Four Men Carrying a Board

A story is told of four men who were carrying a large board, although it was not so big. It was a slate that could actually be carried by two people; there was no need for four. Yet, four were carrying it, and not only that, all four were tired as if it were very heavy.

Besides being tired, these four were talking among themselves—or rather, complaining among themselves: “I am carrying more weight than all of you,” “You’re only holding it with your fingertips and not putting in any effort,” etc. Everyone complained about everyone else, to the point that the task of carrying this slate—which could have been carried by two—was becoming difficult and unrewarding for them. The reason for this is that none of them wanted to make the effort to carry it properly; each tried to carry it with as little effort as possible, and so they all ended up tired and burdened by a task that should not have tired them at all.

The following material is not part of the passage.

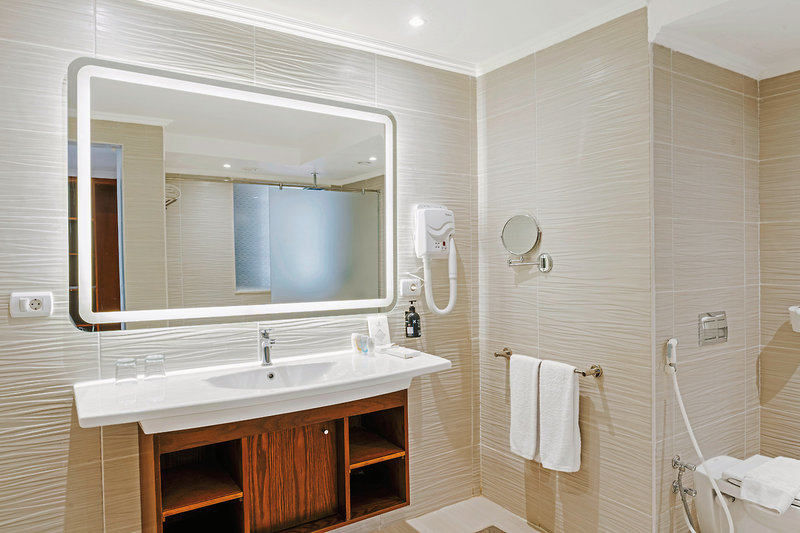 COOEE Akassia Diamond 22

Many times, we Christians experience the same thing with the slate on which the commandments are written: by not carrying them as they should be carried, they end up becoming an unbearable burden in our lives. How should we not keep the commandments? As an obligation. How, then, should we keep the commandments? With love.

Whenever Christ was asked about the commandments, He answered with the commandment of love, which encompasses all the others because it contains the spirit in which they must be lived.  It contains the strength that makes it possible for us to fulfill them: love of God, love of neighbor, and ultimately love of ourselves. If we truly love ourselves, we should want to do good to ourselves, and to do good to ourselves we must live according to the commandments, since every time we break a commandment, we harm ourselves.

Hence, the more perfectly I keep the commandments—which means the greater the love with which I keep them—the greater the good I do to myself. Since the commandments, and particularly the commandment of love of God, have no limit regarding the perfection with which they can be kept—because we can always love God more, we can always keep them more perfectly—for this reason we must always strive to follow them better each day.

This means, as Saint Thomas says, not only “placing all one’s affection habitually in God”—which means doing nothing that goes against the love of God—but also, and this is what the saints did, putting “all one’s effort into dedicating oneself to God and divine things, forgetting everything else, as far as the needs of the present life allow” (S.Th., II-II, 24, 8). This forgetting everything else means forgetting all one’s own desires in order to occupy oneself only with the desires of God.